Mandatory monitored pen for Melbourne residents who visit the Northern Area could be in position for a year due to a brand new coronavirus outbreak in the nation’ s second-most populous town.

The Area government responded to the surge in Victoria by launching on Sunday that  landings from designated COVID-19 hot spots would be put into pushed quarantine.

Which was expanded on Monday to any or all of Melbourne.

Melbourne has been ordered back in lockdown for six weeks right after Victoria was hit having a record 191 new situations of coronavirus on Wednesday, following an increase of 127 cases on Monday, that was also a record.

The NT borders had been due to reopen on Come july 1st 17 but Melburnians plus residents from any other places deemed to be coronavirus hot-spots must now go into monitored quarantine for 14 days in their own cost and encounter testing.

People to the NT from interstate currently must go into unsupervised self-quarantine.

NT Police have been increasingly providing fines to people for breaking quarantine, with 121 fines so far.  

Aboriginal Medical Services Connections NT chief executive John Paterson called for the borders to become shut to all of Victoria immediately, rather than Melbourne through July 17, citing issues over indigenous communities.

The NSW boundary will be closed to Victoria from Wednesday.

NT Health Minister Natasha Fyles said the situation had been “ rapidly evolving” which usually meant there was still sufficient time to make changes in the next week if there were outbreaks within new areas.

The government made its choices based on medical advice while identifying the restrictions had triggered an economic crisis and could take place long-term, she mentioned.

“ This might be in place for many months, it may be in place for up to a year, ” she told reporters.

“ In terms of individuals potentially planning travel, they must be aware that these their county areas could be defined as the hot spot and therefore (would be) going into forced quarantine if they happen to be planning any travel interstate post-July 17.

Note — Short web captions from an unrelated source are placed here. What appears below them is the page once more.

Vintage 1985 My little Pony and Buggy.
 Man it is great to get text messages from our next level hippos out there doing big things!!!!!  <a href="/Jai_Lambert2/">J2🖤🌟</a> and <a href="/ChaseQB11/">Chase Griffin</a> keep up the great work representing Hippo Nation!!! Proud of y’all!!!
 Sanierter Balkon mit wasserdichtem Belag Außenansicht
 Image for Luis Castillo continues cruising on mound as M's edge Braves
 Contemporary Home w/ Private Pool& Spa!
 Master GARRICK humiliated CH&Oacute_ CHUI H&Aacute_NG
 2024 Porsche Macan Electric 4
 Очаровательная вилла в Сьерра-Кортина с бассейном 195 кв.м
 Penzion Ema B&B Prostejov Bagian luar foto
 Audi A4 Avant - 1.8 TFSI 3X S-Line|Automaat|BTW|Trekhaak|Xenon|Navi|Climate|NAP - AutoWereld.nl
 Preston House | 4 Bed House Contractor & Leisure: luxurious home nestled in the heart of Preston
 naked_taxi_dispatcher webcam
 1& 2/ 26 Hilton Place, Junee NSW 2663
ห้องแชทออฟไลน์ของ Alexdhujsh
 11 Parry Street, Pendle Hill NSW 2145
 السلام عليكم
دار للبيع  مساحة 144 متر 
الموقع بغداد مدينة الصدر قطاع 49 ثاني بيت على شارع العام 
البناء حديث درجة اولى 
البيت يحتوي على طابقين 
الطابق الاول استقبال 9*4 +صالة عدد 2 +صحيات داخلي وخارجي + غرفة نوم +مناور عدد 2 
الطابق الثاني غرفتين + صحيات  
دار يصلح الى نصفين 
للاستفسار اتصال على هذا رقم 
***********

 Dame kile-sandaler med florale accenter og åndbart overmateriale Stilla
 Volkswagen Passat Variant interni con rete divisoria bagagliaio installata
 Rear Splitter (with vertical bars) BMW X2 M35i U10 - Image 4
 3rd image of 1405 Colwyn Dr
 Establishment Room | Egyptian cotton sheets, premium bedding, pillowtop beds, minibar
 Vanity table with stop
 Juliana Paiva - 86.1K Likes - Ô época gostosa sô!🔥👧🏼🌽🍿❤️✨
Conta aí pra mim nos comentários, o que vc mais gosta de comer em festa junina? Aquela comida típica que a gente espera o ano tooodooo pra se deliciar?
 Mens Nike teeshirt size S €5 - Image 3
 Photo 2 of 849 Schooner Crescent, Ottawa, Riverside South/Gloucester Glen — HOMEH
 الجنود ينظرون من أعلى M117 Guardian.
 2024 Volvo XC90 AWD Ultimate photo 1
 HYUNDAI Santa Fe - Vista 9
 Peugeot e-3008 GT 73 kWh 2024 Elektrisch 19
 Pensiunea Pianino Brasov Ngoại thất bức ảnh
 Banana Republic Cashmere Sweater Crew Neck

“ This will allow several travel between Australian jurisdictions, we know that coronavirus has had a big impact and people haven’ t had the opportunity to visit loved ones who might be seriously ill and had influences on people attending funerals.

“ We have to make sure the measures we set up stand us into the long term …   we need to what you need, we’ re going to end up being living with this for some time ahead until a vaccine is definitely rolled out. ”

Last week a man in the 30s became the first beneficial case in Darwin within almost three months, after traveling from Pakistan to Melbourne where he completed  quarantine however stayed with relatives in one of the city’ s infection hot spots.